質問者に若干の誤解があるようです。
まず、言われている内容は、単独世帯数が増えるのではなく、単独世帯率が高いということではありませんか。
理由は簡単です。欧米でもラテン系(イタリー、スペインなど)はやや異なりますが、イギリス、ドイツ、フランス、北欧、アメリカなどの諸国では、高齢者が子どもや孫と同居する慣習、すなわち拡大家族は極めて例外的です。
核家族という言葉はご存じですね。核家族は結婚して夫婦だけで暮らすことから始まり、子育てを経て、成人した子どもが独立してまた夫婦だけになり、やがて夫婦の一方が亡くなるところで終わります。(単身者は家族とは言いません)。
こうした仕組みは福祉国家以前からありました。福祉の充実が家族制度を変えたのではなく、家族制度を維持する方向で福祉が発達したのですね。
では、年金も保険も未発達な時代に、高齢者の生活はだれが支えていたのでしょうか。それは、親が引退する時、農園や商売を子どもが買い取る習慣があったからです。もちろん、必ずしも子どもに売る義務があるわけではありませんが、親は手数料がかからないし、子どもは市価より安く買えるので、親子とも満足する取引ななることが多いようです。
その取引を仲介したり、子どもに資金を融通するのは親の取引銀行です。経営の内容をよく知っているし、妥当な売却金額を算定する能力も備えているからです。

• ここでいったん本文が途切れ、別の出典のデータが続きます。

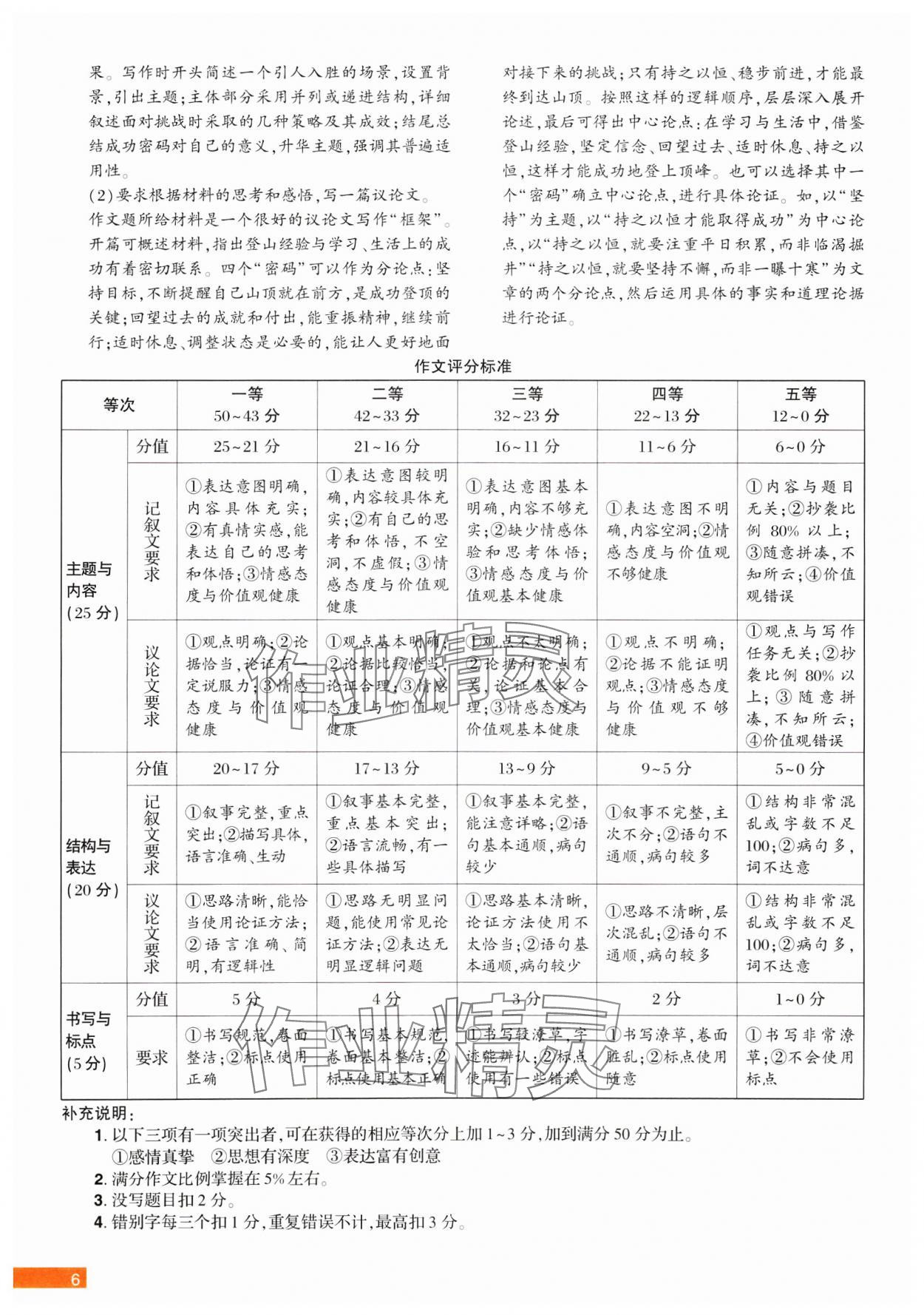 2025年中考幫真題必刷語(yǔ)文中考河南專版 參考答案第6頁(yè)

引退した夫婦は、アメリカならフロリダやハワイ、ヨーロッパならフランス、スペインの地中海岸など、太陽と砂浜のある保養地に引っ越します。積極的に人生を楽しむのがかれらの理想なのです。
それほど余裕がない高齢者は、家を処分して田舎の小さな別荘に移り住みます。さらに病気や障害がでてくると、高齢者向けの施設に入ります。クリスマスに孫たちが遊びにくるのが最大の楽しみのようです。
もちろん、北欧の場合は結婚についての意識の変化も無関係ではありません。しかし、これは家族の崩壊ではありません。いまや西欧諸国では婚外子(結婚していない夫婦の子ども)の割合は50%を超える国もありますが、家族のかたちに変化があったとはいえません。
もともと、質問者が示したこの統計は世帯を単位にしているので、家族に読みかえるのは間違いです。